Não faltarás a um baile, irás ao theatro;
Visitarás o Rio de Janeiro;
Poderás percorrer o mundo inteiro,
E ver o diabo a quatro! —
Mas a firme Santinha

Não se deixava convencer: não tinha
Ambições, nem sonhava tal grandeza;
Preferia a pobreza,
Ao lado de um marido a quem amasse,
A todo o Potosi com que a comprasse
Outro qualquer marido.

O velho, enfurecido,
Brada: — Isto agora já não é poesia.
Mas grosso desaforo!
Se não acaba esse infeliz namoro,
Vou deitar energia! —
— Então papae não acha coisa infame
Que eu me case com um typo a quem não ame?
— Infame é namorares um velhaco
Sem dar ao pae o minimo cavaco!
Ou casas-te com o Souza ou te afianço
Que a maldição te lanço! —

Santinha, que era muito intelligente,
Continuava a série dos protestos;
Mas o irritado velho, intransigente,
Soltando gritos e fazendo gestos,
Nada mais quiz ouvir naquelle dia;
Mas na manhã seguinte foi chamal-a
Ao quarto (a pobre moça ainda dormia!)
E pela mão levou-a para a sala.

Ficou muito espantado
Ao ver que a filha, ao envez do que previra‘

A noite houvesse muito bem pensado.
Pareceu-lhe mentira
Encontrar tão serena
E tão tranquilla a moça,
Como si a grande scena
Da vespera lhe não fizesse mossa.

— Então? estás na tua? —
— Papae, de mim disponha:
Dê-me, alugue-me ou venda-me: sou sua.
Por tudo estou, solicita e risonha;
Confesso, todavia,
Que por meu gosto não serei esposa
Do seu amigo Souza:
Mentir não posso! — Cala-te, pateta!
Isso agora é poesia...
A fortuna, verás, será completa!

Apromptou-se depressa a papelada,
E a casa mobiliada
Em quinze dias foi.
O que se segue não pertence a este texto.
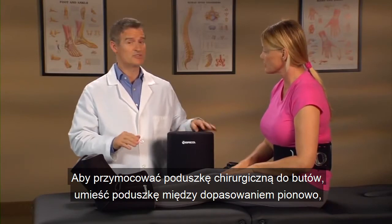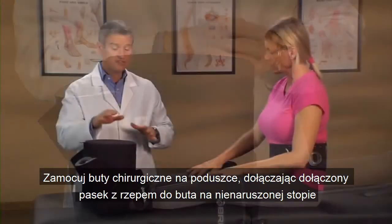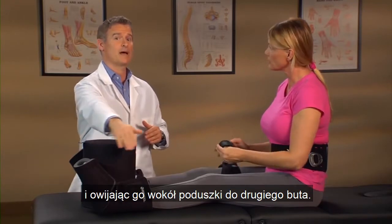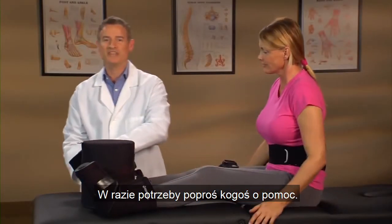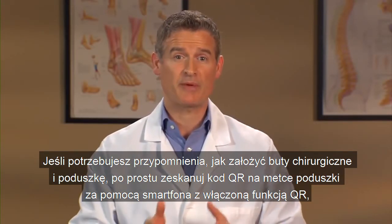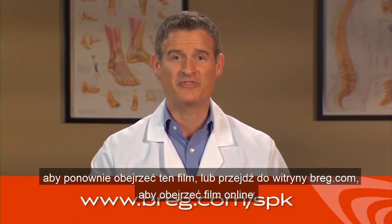To affix the surgical pillow to the boots, place the pillow between the feet vertically so the Bregg logo is in the upright position facing you and the tag is away from you. Affix the surgical boots to the pillow by attaching the enclosed hook and loop strap to the boot on the unaffected foot and wrapping it around the pillow to the other boot. Have someone help you if needed. The strap will not attach to itself, so ensure the entire hook and loop strap is attached to the pillow or boots. If you need a reminder of how to put on the surgical boots and pillow, scan the QR code on the label of the pillow with your QR code-enabled smartphone, or go to Bregg.com to view the video online.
Veio de França
Riquissimo enxoval, conforme a usança,
O qual esteve exposto
E toda a gente achou de muito gosto.

Mostrava-se Santinha
A tudo indifferente, e o moço honrado
Que o seu affecto conquistado tinha,
Tambem não se mostrou contrariado;
Era o mesmo que dantes: expansivo,
Discreto, espirituoso, alegre e vivo.


Chegou a noite, enfim, do casamento
Que era na egreja do Recolhimento,
Egrejinha modesta
Expressamente ornada para a festa
Pelo Joaquim Sirgueiro,
Que foi naquellas artes o primeiro.
O templo estava cheio
Quer de curiosos, quer de convidados.
Que mistura! no meio
De graves figurões encasacados
E damas de vestidos decotados,
Abrindo enormes leques, —
Negros sebentos, sordidos moleques!

A noiva estava pallida e tremente,
Mas linda. Realmente
Era pena que flor tão melindrosa
Fosse colhida por um brutamontes,
Que na vida outros vagos horizontes
Não via além da Praça...

Na egreja se ouviria o som de uma asa
De insecto, quando o padre bem disposto,
A’ noiva perguntou: — E’ por seu gosto
E por livre vontade que se casa?
Imaginem que escandalo! A menina,
Com voz firme, sonora, crystallina,
Respondeu: — Não, senhor! Um murmurio
Corre por toda a egreja, e um calefrio
Pelo corpo do Souza,
Que o turvo olhar do chão erguer não ousa!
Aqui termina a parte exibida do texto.